KURB
Hakk'a yakın olma anlamında bir tasavvuf terimi.
Sözlükte "yakın" anlamına gelen kurb kelimesi tasavvuf terimi olarak genellikle karşıtı olan bu'd ile (uzak) birlikte kullanılır. Yakınlık ve uzaklık zaman, mekân, mesafe, makam ve mensubiyet açısından düşünülebilir.
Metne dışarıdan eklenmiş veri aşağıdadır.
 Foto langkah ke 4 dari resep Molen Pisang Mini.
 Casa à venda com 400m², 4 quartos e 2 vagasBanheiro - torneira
Kur'an'da müşriklerin Mescid-i Harâm'a yaklaştırılmaması anlatılırken mekân 95 insanların hesap verecekleri günün yaklaşmakta olduğundan bahsedilirken zaman 96 itibariyle yakınlık kastedilmiş, miras hukukundan söz eden âyetlerde geçen "yakınlar" ifadesiyle 97 neseb yakınlığı anlatılmıştır. Ancak gerek Kur'an'da gerekse hadislerde kurb ve bu'd kelimeleri daha ziyade manevî yakınlığı ve uzaklığı ifade etmektedir. "Ben yakınım, dua edenin çağrısına icabet ederim" 98 "Biz ona şah damarından daha yakınız" 99 mealindeki âyetlerde söz konusu olan yakınlığın mekân ve mesafeyle ilgisi yoktur. Bu'd da böyledir.100 İblîs'in ilâhî huzurdan uzaklaştırılması ilâhî rahmetten ve inayetten mahrum edilmesi anlamına gelir.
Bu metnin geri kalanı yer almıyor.